→ Work instructions
Return exactly the lines of the entries, from the one with "Lost April Sleeveless Blouse (view 2)" to the last.

[Records contained in a dataset]
^^^^^^^^^^^^^^^^

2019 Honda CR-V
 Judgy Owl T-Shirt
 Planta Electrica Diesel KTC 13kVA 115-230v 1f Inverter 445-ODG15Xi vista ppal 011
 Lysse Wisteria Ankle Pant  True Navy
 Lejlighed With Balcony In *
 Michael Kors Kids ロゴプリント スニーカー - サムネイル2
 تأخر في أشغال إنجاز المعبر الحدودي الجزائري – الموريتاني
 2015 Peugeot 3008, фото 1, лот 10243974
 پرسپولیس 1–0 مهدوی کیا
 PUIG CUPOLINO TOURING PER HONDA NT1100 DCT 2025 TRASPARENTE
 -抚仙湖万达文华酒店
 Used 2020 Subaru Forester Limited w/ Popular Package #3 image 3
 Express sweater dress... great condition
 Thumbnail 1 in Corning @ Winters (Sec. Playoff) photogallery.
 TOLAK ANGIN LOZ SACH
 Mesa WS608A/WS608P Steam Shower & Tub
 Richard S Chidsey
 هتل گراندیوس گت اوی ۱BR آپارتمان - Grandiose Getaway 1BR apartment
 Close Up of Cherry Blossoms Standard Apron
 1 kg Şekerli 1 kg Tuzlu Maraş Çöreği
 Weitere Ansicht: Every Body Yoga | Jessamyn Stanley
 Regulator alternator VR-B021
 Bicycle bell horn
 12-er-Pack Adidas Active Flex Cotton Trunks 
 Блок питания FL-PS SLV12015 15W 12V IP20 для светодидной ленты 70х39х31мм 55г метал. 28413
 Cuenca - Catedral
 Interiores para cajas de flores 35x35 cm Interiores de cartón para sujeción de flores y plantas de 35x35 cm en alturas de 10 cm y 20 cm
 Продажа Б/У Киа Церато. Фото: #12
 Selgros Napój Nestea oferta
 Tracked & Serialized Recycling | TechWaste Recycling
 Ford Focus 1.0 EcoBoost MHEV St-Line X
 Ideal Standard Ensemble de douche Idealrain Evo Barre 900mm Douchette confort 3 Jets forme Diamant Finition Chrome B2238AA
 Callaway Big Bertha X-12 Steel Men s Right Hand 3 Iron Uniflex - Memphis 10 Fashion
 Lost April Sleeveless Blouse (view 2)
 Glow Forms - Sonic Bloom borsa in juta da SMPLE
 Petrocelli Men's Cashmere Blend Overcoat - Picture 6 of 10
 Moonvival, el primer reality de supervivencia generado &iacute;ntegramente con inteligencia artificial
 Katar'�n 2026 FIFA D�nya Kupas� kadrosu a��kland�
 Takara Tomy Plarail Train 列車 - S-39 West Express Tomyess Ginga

^^^^^^^^^^^^^^^^

→ Result of this exercise
 Lost April Sleeveless Blouse (view 2)
 Glow Forms - Sonic Bloom borsa in juta da SMPLE
 Petrocelli Men's Cashmere Blend Overcoat - Picture 6 of 10
 Moonvival, el primer reality de supervivencia generado &iacute;ntegramente con inteligencia artificial
 Katar'�n 2026 FIFA D�nya Kupas� kadrosu a��kland�
 Takara Tomy Plarail Train 列車 - S-39 West Express Tomyess Ginga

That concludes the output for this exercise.